Promotional poster for The Electric Kiss

We are in Cannes. We have walked the Croisette, felt the particular electricity of a festival that has been doing this longer than any of us have been alive, and sat down in the dark for the first film of the year's most anticipated two weeks. The opening night slot at Cannes carries a specific kind of weight. It is not always given to the best film in the program but it is always given to a film that is meant to set the tone, to announce what kind of festival this is going to be, to send several thousand critics and industry figures out into the warm Mediterranean night with something to talk about. The Electric Kiss gives us plenty to talk about. Not all of it good.


Pierre Salvadori's period comedy is set in 1920, just beyond the respectable edges of Paris, in a traveling carnival where a young woman named Suzanne earns her living delivering mild electric shocks to customers willing to pay for a kiss. She wants out, The premise fizzes with potential, and in its best early stretch, the film delivers it. When Suzanne falls into an unlikely scheme with a slick gallerist played by Gilles Lellouche, conning a grief-stricken painter by posing as his late wife's medium, the film finds a register that feels genuinely alive.


Lellouche and Anaïs Demoustier are two of the most watchable faces in contemporary French cinema, and Salvadori is smart enough to let the camera linger on them in close-up, cutting between two people who are performing and yet, underneath the performances, slowly becoming real to each other. We leaned forward in our seats. We thought: yes. This is why we came to Cannes.

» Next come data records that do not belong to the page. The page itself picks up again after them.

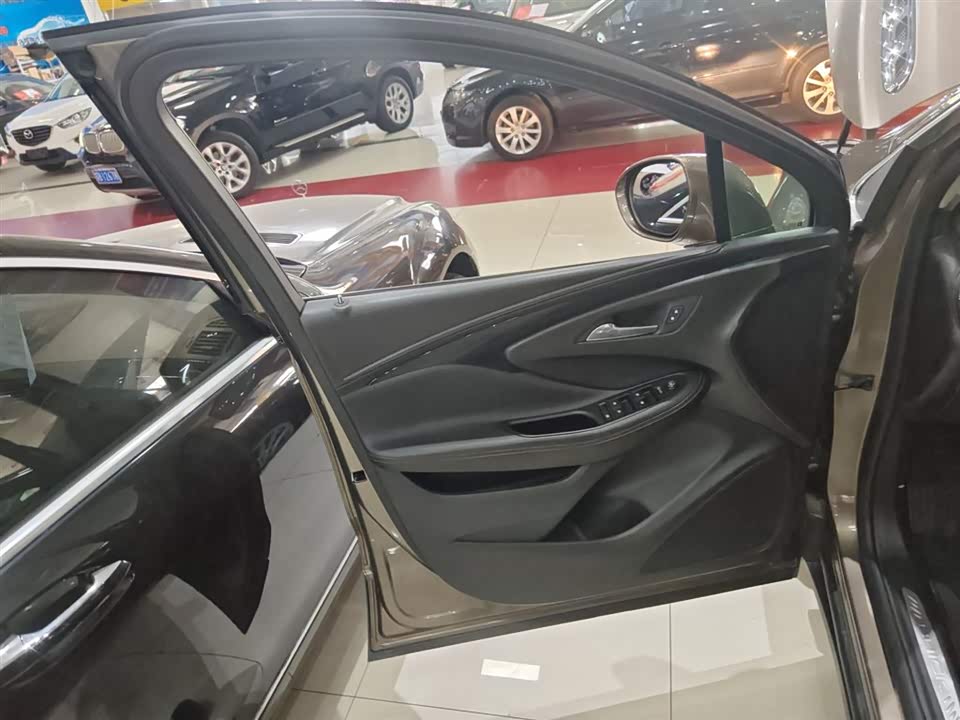 Buick Angkewei Plus Buick Angkewei Plus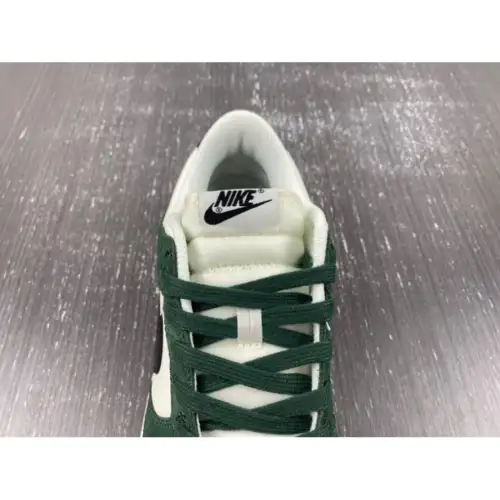 Wmns Dunk Low 'Green Green Snake Snake'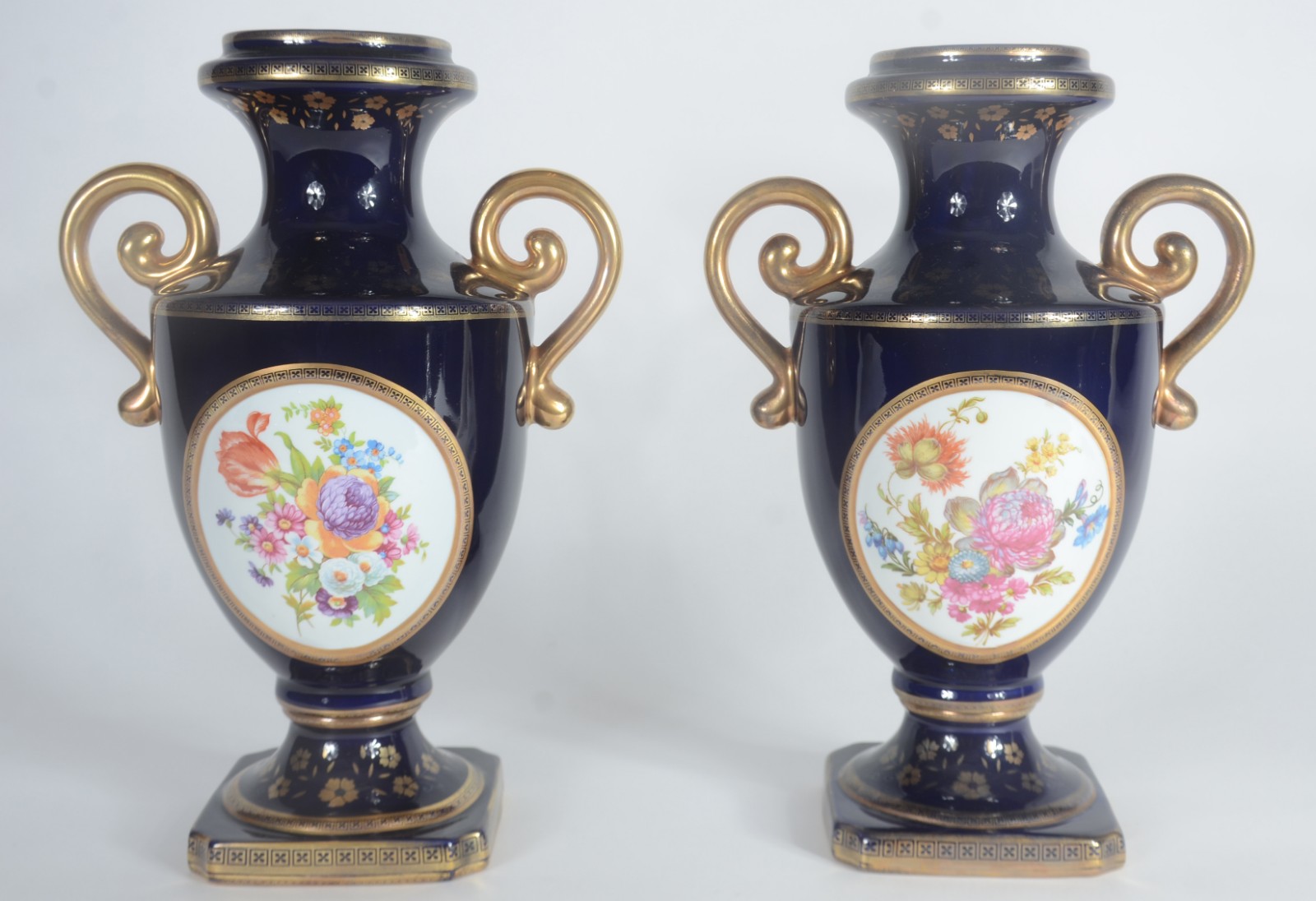Par de ânforas de porcelana Karat, fundo azul cobalto com flores em... - foto 2 de 10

There are several fine films living inside The Electric Kiss. The trouble is that Salavadori invited all of them and none of them quite got along.


Still image from The Electric Kiss

And then the film introduces a fourth major character and a second narrative strand, and the air begins to leave the room. The late wife's diaries pull the story into extended flashback, and with five credited writers pulling in different directions, the tone becomes impossible to pin down. Someone wanted a dark edge to Suzanne's backstory. Someone else insisted on sunlit meadow sequences. Both got their way. At 122 minutes the film runs at least twenty too long. The brisk pace that screwball comedy depends on slowly bleeds out across an increasingly unfocused second half.


Demoustier remains magnetic throughout and the 1920s production design is genuinely lovely. There are details here worth feasting on, moments where the film remembers what it could have been and briefly becomes it. But charm cannot carry a film that cannot decide what it wants to be, and by the time The Electric Kiss reaches its conclusion we have lost the thread of what made it sparkle in the first place.


Cannes 2026 has begun. The Croisette is warm, the rosé is cold, and the first film of the festival has left us with a pleasant but restless feeling. We are already looking forward to tomorrow.